Our children share the responsibility of washing the dishes in our house. They alternate days, because they found it too difficult to work together. They don’t like this chore and complain about it regularly. Yesterday was Teresa’s day and after much footdragging she finally went to the kitchen and did them just before Sharilyn began preparing dinner. As she worked on dinner, she needed several items that Teresa had just washed. But when she pulled them from the drying rack, she found that they were not really clean. We discussed how to deal with this. At times we have made the children rewash individual items that they didn’t wash properly. This time we decided that she should have a second day of washing dishes to help her recognize the importance of doing the job well. This morning when I put away the rest of the dishes though, I didn’t find any other poorly-washed specimens, so it seems that her failure was limited to a few specific items that are harder to wash.

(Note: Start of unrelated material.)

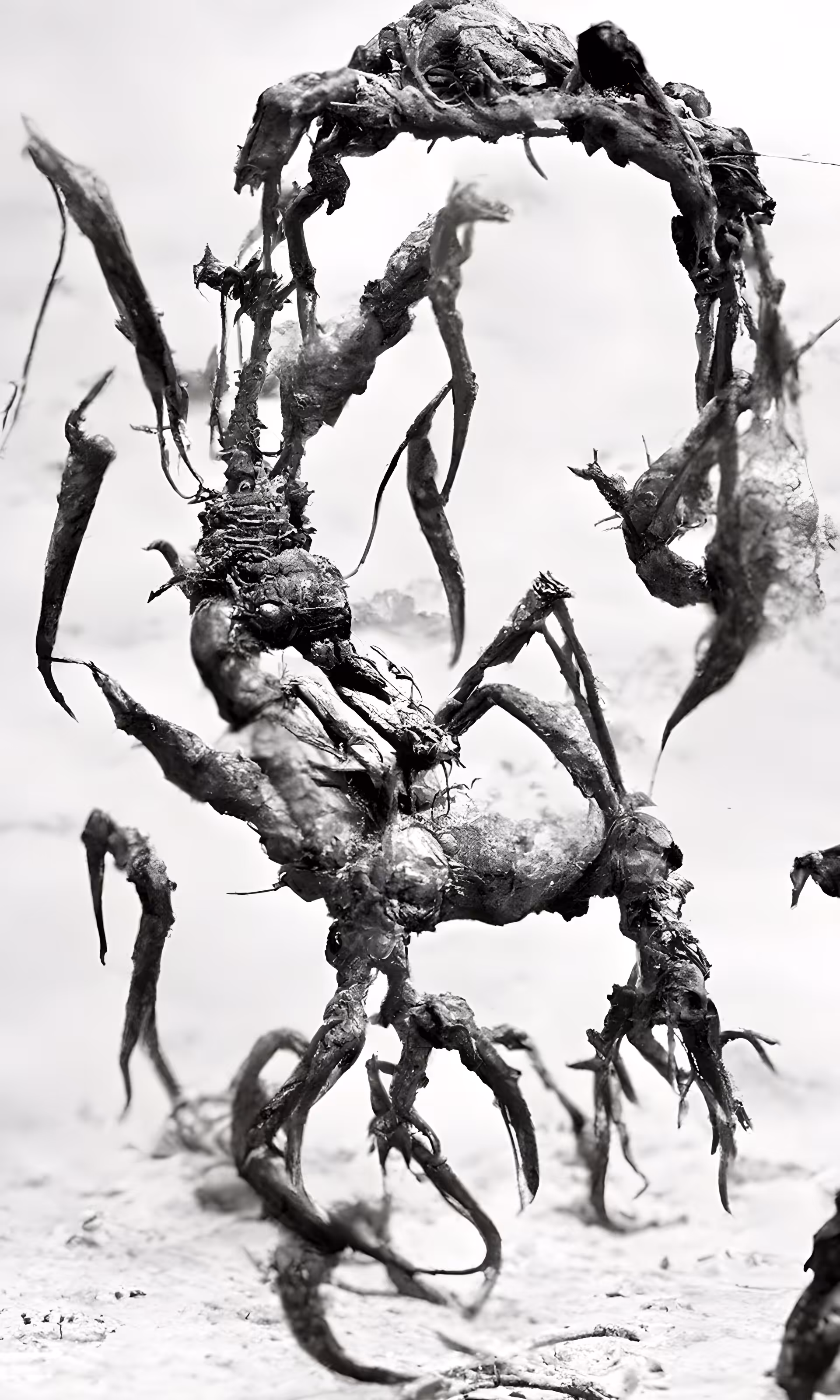 Scorpion 01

This afternoon while enjoying a cup of tea in the gentle afternoon sunshine that streamed into our kitchen, I began to consider washing up some of the dishes myself. Normally washing dishes is not my job, but occasionally I will do it voluntarily as an act of kindness and to demonstrate servanthood to my children. They have a difficult time with the thought of doing any unpleasant task they are not obligated to do. So I hope by occasionally stepping in and relieving one of them of a required task, they will see an example and choose to emulate it. So far this hasn’t been highly successful.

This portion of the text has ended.